(Provided records)

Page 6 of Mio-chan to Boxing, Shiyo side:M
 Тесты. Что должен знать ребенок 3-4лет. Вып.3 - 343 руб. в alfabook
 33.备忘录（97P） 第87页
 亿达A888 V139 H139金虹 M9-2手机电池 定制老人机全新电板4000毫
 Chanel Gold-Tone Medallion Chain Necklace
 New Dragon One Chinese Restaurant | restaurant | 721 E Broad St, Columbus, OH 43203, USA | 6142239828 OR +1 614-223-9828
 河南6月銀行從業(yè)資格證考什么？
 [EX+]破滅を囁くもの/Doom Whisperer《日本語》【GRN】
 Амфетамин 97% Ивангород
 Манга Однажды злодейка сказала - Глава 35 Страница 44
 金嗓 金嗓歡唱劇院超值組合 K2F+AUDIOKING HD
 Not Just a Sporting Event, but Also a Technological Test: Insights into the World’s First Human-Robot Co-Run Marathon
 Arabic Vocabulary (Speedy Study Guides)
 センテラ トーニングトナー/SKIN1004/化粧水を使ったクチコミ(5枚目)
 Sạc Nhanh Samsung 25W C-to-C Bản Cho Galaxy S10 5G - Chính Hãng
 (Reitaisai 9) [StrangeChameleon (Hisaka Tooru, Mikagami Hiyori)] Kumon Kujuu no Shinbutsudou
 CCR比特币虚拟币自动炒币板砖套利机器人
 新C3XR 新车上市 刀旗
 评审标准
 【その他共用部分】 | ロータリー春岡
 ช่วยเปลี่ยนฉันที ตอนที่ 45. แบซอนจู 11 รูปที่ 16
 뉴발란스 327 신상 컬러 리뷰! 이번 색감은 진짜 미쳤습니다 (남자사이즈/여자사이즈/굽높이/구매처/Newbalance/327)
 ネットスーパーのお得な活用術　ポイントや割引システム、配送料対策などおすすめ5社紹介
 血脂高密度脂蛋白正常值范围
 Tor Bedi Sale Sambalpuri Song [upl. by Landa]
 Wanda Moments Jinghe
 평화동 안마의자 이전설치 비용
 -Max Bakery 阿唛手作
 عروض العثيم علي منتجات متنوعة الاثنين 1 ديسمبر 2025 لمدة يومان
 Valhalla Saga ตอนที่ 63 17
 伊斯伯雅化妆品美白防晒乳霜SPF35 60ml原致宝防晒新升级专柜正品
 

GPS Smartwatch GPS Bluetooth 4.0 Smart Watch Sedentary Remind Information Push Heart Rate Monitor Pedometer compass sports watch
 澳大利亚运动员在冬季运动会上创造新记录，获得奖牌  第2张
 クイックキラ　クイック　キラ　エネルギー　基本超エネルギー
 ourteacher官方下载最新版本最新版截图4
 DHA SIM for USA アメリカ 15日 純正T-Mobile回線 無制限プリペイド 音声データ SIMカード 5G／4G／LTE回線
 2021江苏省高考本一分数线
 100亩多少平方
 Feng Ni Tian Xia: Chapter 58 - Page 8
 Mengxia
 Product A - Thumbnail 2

(End Provided records)

→ **Exercise**
Return all the data above, unaltered and complete.

→ **Result below**
Page 6 of Mio-chan to Boxing, Shiyo side:M
 Тесты. Что должен знать ребенок 3-4лет. Вып.3 - 343 руб. в alfabook
 33.备忘录（97P） 第87页
 亿达A888 V139 H139金虹 M9-2手机电池 定制老人机全新电板4000毫
 Chanel Gold-Tone Medallion Chain Necklace
 New Dragon One Chinese Restaurant | restaurant | 721 E Broad St, Columbus, OH 43203, USA | 6142239828 OR +1 614-223-9828
 河南6月銀行從業(yè)資格證考什么？
 [EX+]破滅を囁くもの/Doom Whisperer《日本語》【GRN】
 Амфетамин 97% Ивангород
 Манга Однажды злодейка сказала - Глава 35 Страница 44
 金嗓 金嗓歡唱劇院超值組合 K2F+AUDIOKING HD
 Not Just a Sporting Event, but Also a Technological Test: Insights into the World’s First Human-Robot Co-Run Marathon
 Arabic Vocabulary (Speedy Study Guides)
 センテラ トーニングトナー/SKIN1004/化粧水を使ったクチコミ(5枚目)
 Sạc Nhanh Samsung 25W C-to-C Bản Cho Galaxy S10 5G - Chính Hãng
 (Reitaisai 9) [StrangeChameleon (Hisaka Tooru, Mikagami Hiyori)] Kumon Kujuu no Shinbutsudou
 CCR比特币虚拟币自动炒币板砖套利机器人
 新C3XR 新车上市 刀旗
 评审标准
 【その他共用部分】 | ロータリー春岡
 ช่วยเปลี่ยนฉันที ตอนที่ 45. แบซอนจู 11 รูปที่ 16
 뉴발란스 327 신상 컬러 리뷰! 이번 색감은 진짜 미쳤습니다 (남자사이즈/여자사이즈/굽높이/구매처/Newbalance/327)
 ネットスーパーのお得な活用術　ポイントや割引システム、配送料対策などおすすめ5社紹介
 血脂高密度脂蛋白正常值范围
 Tor Bedi Sale Sambalpuri Song [upl. by Landa]
 Wanda Moments Jinghe
 평화동 안마의자 이전설치 비용
 -Max Bakery 阿唛手作
 عروض العثيم علي منتجات متنوعة الاثنين 1 ديسمبر 2025 لمدة يومان
 Valhalla Saga ตอนที่ 63 17
 伊斯伯雅化妆品美白防晒乳霜SPF35 60ml原致宝防晒新升级专柜正品
 

GPS Smartwatch GPS Bluetooth 4.0 Smart Watch Sedentary Remind Information Push Heart Rate Monitor Pedometer compass sports watch
 澳大利亚运动员在冬季运动会上创造新记录，获得奖牌  第2张
 クイックキラ　クイック　キラ　エネルギー　基本超エネルギー
 ourteacher官方下载最新版本最新版截图4
 DHA SIM for USA アメリカ 15日 純正T-Mobile回線 無制限プリペイド 音声データ SIMカード 5G／4G／LTE回線
 2021江苏省高考本一分数线
 100亩多少平方
 Feng Ni Tian Xia: Chapter 58 - Page 8
 Mengxia
 Product A - Thumbnail 2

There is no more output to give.